A importância dos cães


     Nessas histórias e noutras tantas que vocês têm para contar é que se vê a importância dos cães na vida das pessoas.

     Sei de fatos reais em que a vida das pessoas gira em torno dos seus cães: escolha de residência, recusa de viagens ao exterior, separações de casais, quando a mulher opta pelo cachorro ou vice-versa, e coisas que tais.


Por que tanta fidelidade
aos cães?

     Não é sempre que nossos familiares abanam o rabinho para gente... Estou mentindo?

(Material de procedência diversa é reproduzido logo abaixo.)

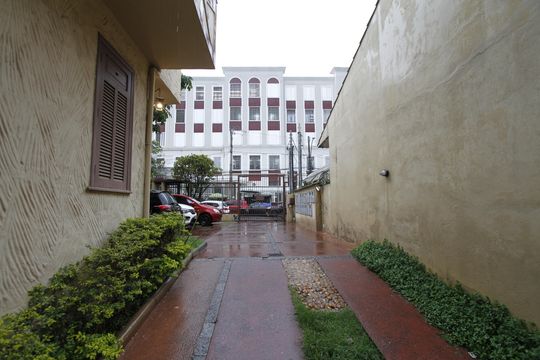 VAGA GARAGEM de apartamento para alugar com 3 quartos, 90m² em Cidade Jardim, Belo Horizonte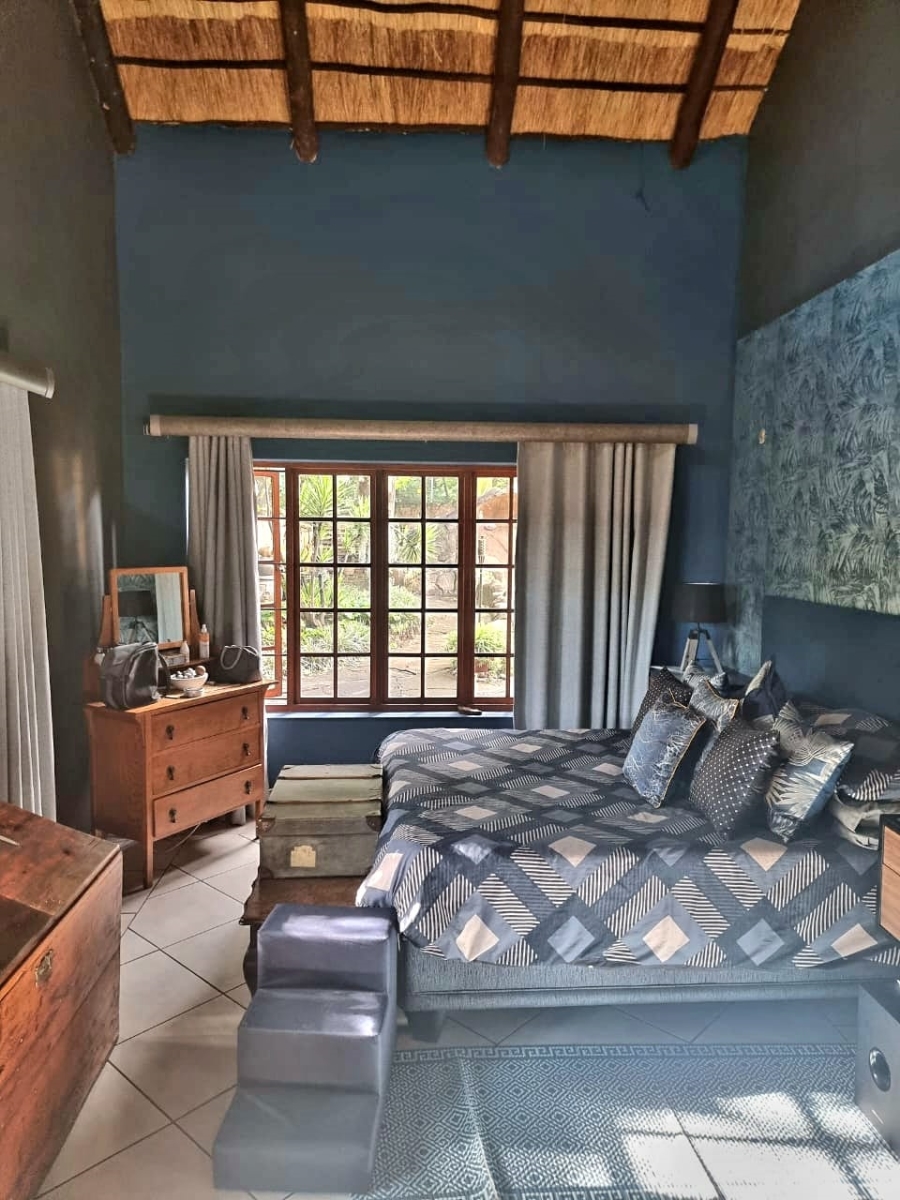 6 Bedroom Property for Sale in Three Rivers Gauteng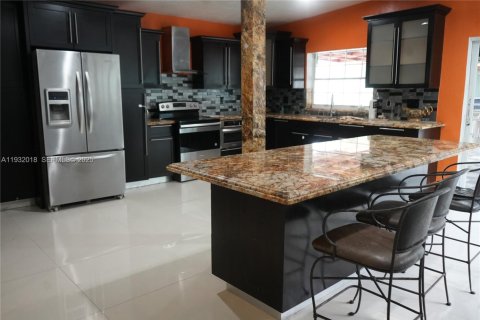 Снять в аренду виллу или дом в Майами, Флорида 5 спален, 319.31м2, № 1990554 - фото 6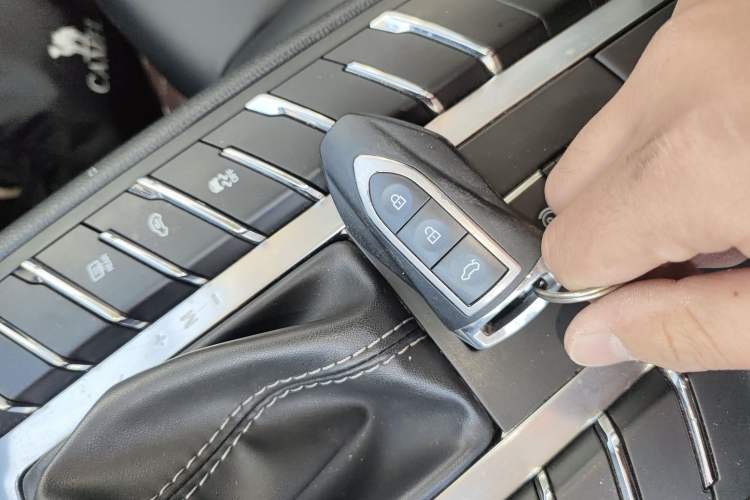 Used Zotye SR9 2017 2.0T Automatic Ultimate Light Edition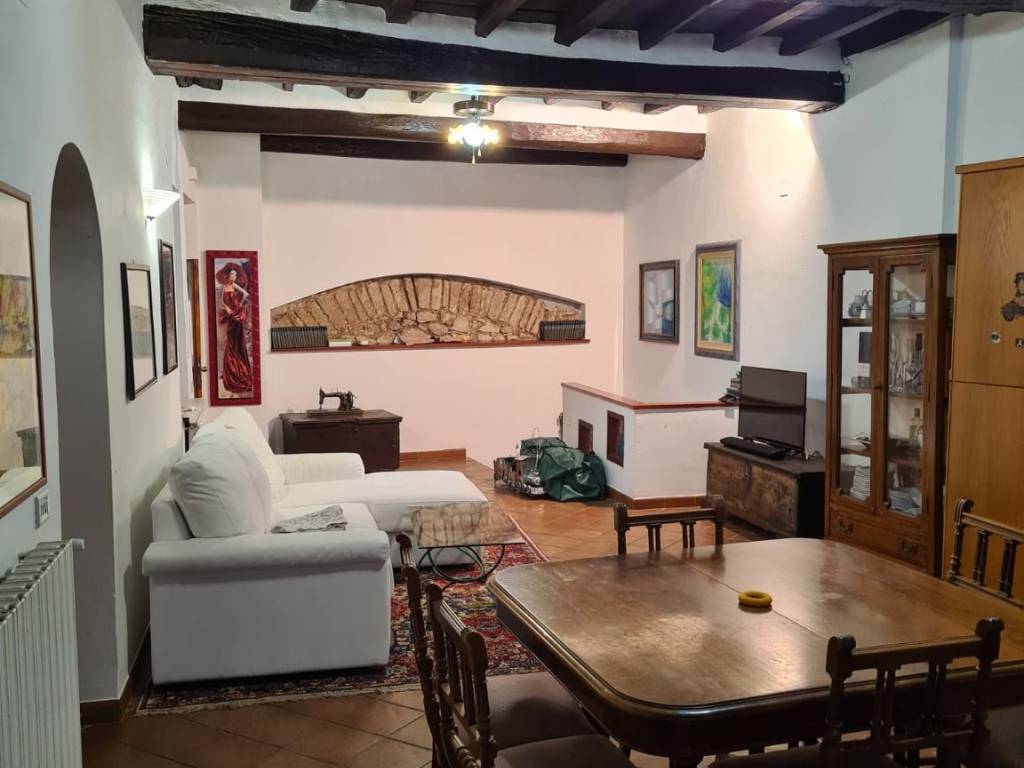Casa indipendente a Alatri in Vicolo della Piazzetta - Foto 2
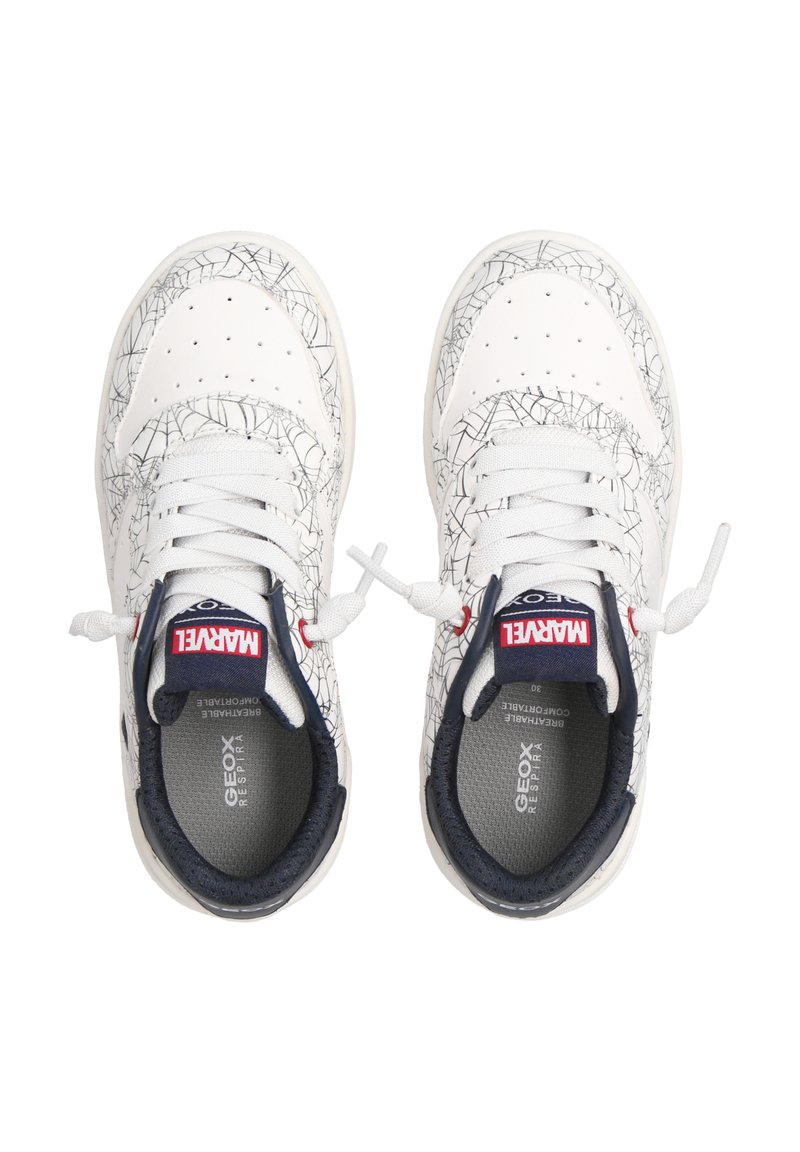 Weiße Sneakers mit schwarzem netzartigem Muster, runder Spitze, Schnürdesign, herausnehmbaren Einlegesohlen und navyfarbigen Akzenten an der Zunge und dem Futter.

    Todo mendigo tem um cão. Você já viu um cão mudar de dono? O do mendigo não troca o dele nem por um açougueiro. Aceitará a carne e os ossos, mas voltará para a companhia do mendigo.

     Em pequenos povoados de todo o mundo é comum o cachorro acompanhar o caixão de seu dono ao cemitério, se recusar a abandonar a campa, passando a viver lá, como que esperando que ele saia dali um dia... 


E a história do seu cachorro?


     - Meu cachorro? Que cachorro?


     - O Tarzan, o único que você teve!


     Vocês já notaram que esse cara que está dialogando comigo, é o Brumel Delano, o meu alter ego.

     Mas, como eu ia dizendo, nossa casa tinha um terreno muito grande. A casa começava com uma escadaria que passava por um jardim e chegava à varanda. Nesse plano ficava a casa propriamente dita, bem no centro do terreno. À direita, mais uma escadaria que dava para o quintal onde havia as tais árvores frutíferas de que lhes falei.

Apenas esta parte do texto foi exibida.